Evaluating AI Agent Resilience Against Smart Contract Exploits: An Open-Source Benchmark

Post Views: 155

A New Benchmarking Tool for Smart Contract Security

A new benchmarking tool, EVMbench, has been released to assess the performance of artificial intelligence (AI) agents in detecting, patching, and exploiting vulnerabilities in smart contract code.

Developed by OpenAI and Paradigm

Developed by OpenAI and Paradigm, EVMbench is an open-source platform that evaluates AI models on practical smart contract security tasks, providing a repeatable and transparent way to measure their effectiveness.

Three Primary Tasks

The benchmark focuses on three primary tasks: detecting vulnerabilities, patching vulnerable code, and exploiting flaws in a controlled environment.

Detecting vulnerabilities: The AI model reviews smart contract repositories to identify known vulnerabilities documented by professional auditors.
Patching vulnerable code: The AI model modifies contract code to remove vulnerabilities without breaking expected functionality.
Exploiting flaws: The AI model is given a sandboxed blockchain environment and asked to execute an exploit against a vulnerable contract.

EVMbench Dataset

EVMbench uses a dataset of 120 curated vulnerabilities across 40 audits, with most cases drawn from open audit competitions and additional scenarios sourced from Paradigm’s Tempo audit process.
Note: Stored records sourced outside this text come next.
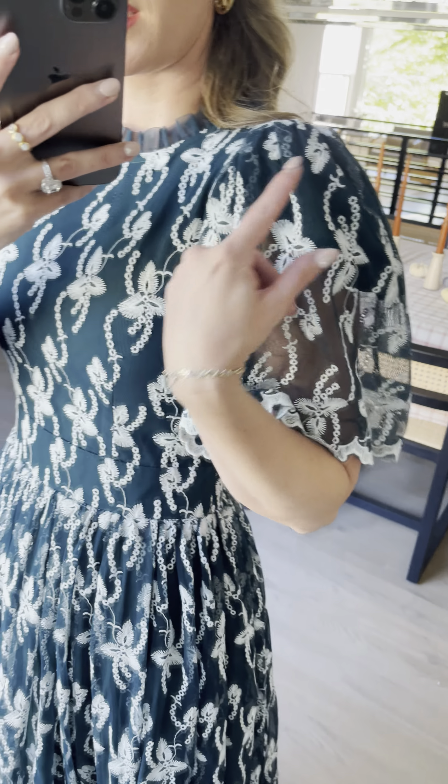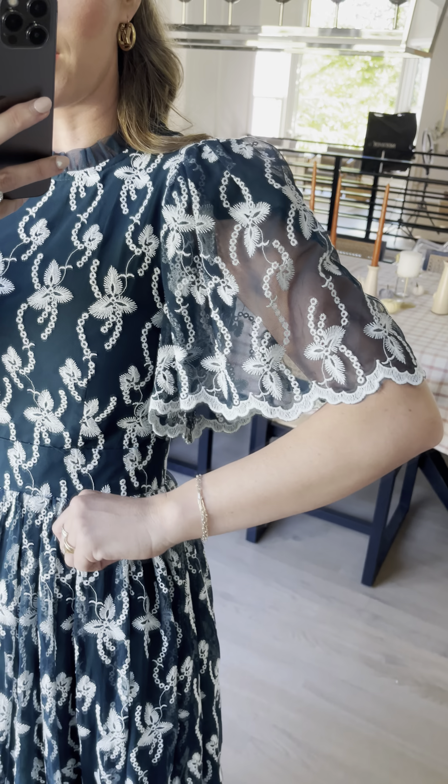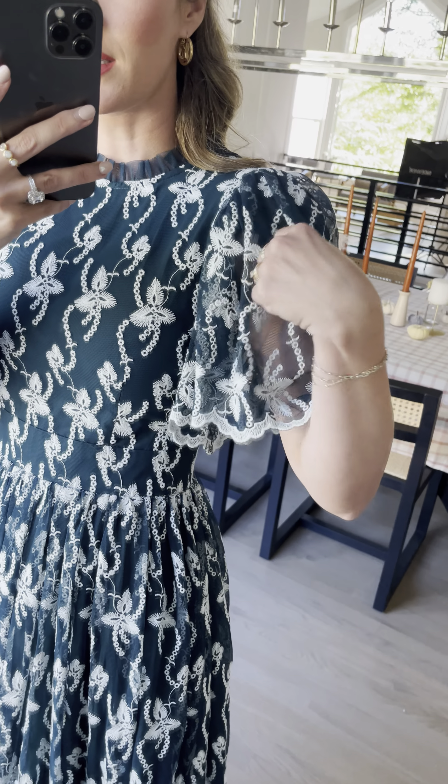It's got a fitted bust and waist and then a really pretty pleated flowy skirt. I love the detail on the arm — cute little cap liner up there, but then you still get the sheerness on the sleeves, so it gives it that dimension. It's so beautiful, and I love the scallop edge down here.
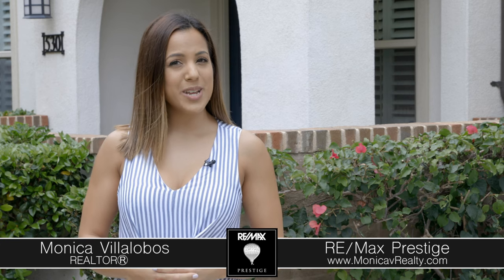Thanks for checking out my newest listing here in Colony Park. For more information or for a private showing you can contact me at the information below. We look forward to hearing from you!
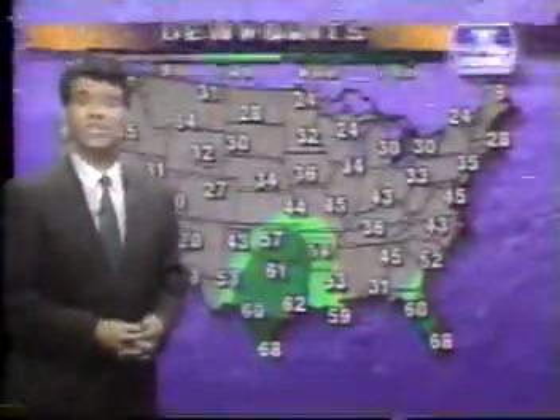Let's take a look at a typical dew point map. Up to the north, we have colder dew point temperatures in the 30s, yet down to the south, dew point temperatures are much higher in the 60s in Texas and Florida, and even 70 degrees.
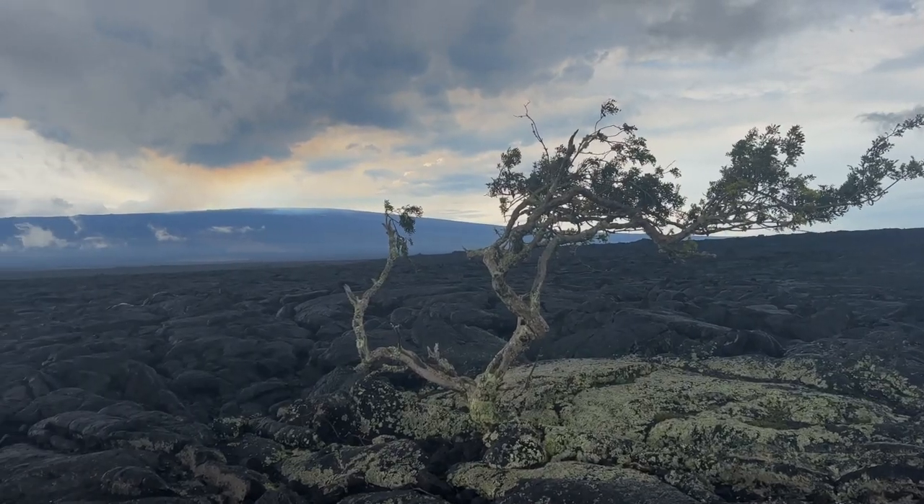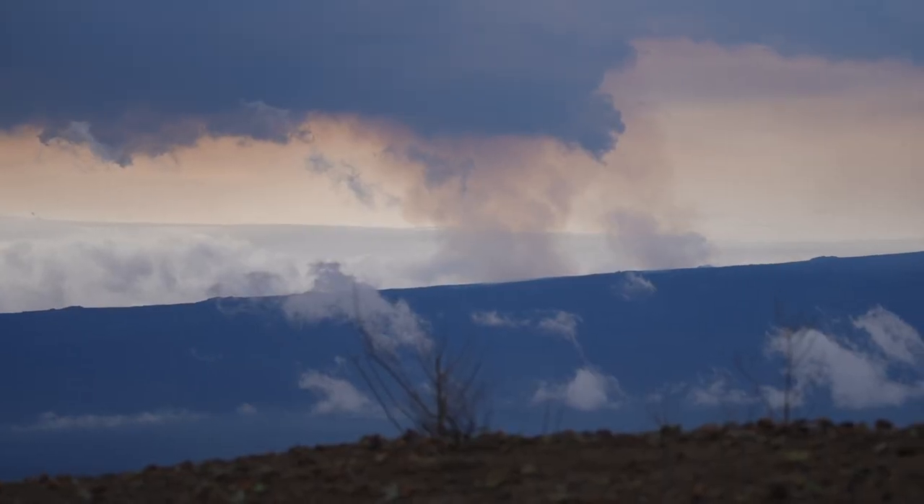Eric and I are standing right now on the lava flow that was actually created in 1984 — the last time Mauna Loa went off. Behind us you can't see the live lava; it's not showing, but you can see the smoke coming off of it.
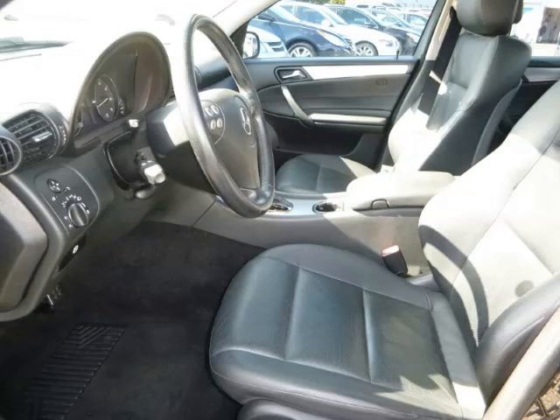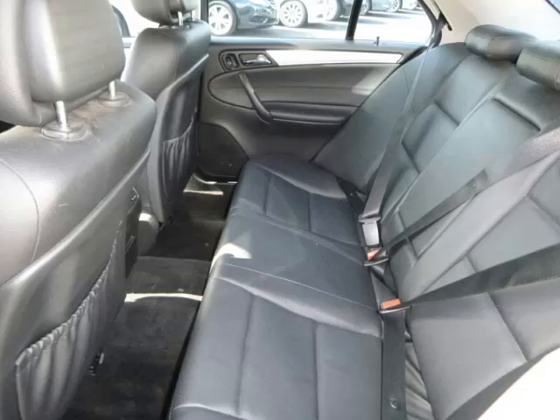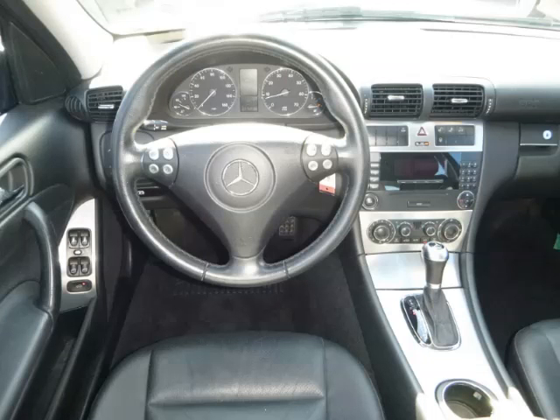Are you ready to experience this vehicle for yourself? Then call today to schedule your test drive, and remember to ask about Arno internet financing.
The benchmark is designed to reflect realistic development conditions, increasing complexity compared to synthetic vulnerability datasets.

Exploit Grading Process

The exploit grading process is handled through deterministic replay in a controlled test environment, where the AI model interacts with a local EVM instance to deploy contracts, call functions, and attempt to execute fund-draining transactions.

Initial Benchmark Results

Initial benchmark results show uneven performance across detect, patch, and exploit tasks. While some models can identify vulnerabilities at a surface level, exploit tasks remain challenging.

However, recent model generations have shown significant improvement, with some models able to exploit over 70% of critical vulnerabilities.

Patching remains a major weakness, requiring AI models to preserve correct behavior across edge cases and understand deeper design assumptions in the code.

Availability and Impact

EVMbench is available for free on GitHub, allowing researchers and security teams to test models consistently as AI agent capabilities evolve.

The release of EVMbench highlights the growing importance of smart contract security, with billions of dollars in open-source crypto assets secured by contracts that are vulnerable to exploits.

By providing a standardized benchmarking platform, EVMbench aims to drive innovation and improvement in AI-powered smart contract security tools.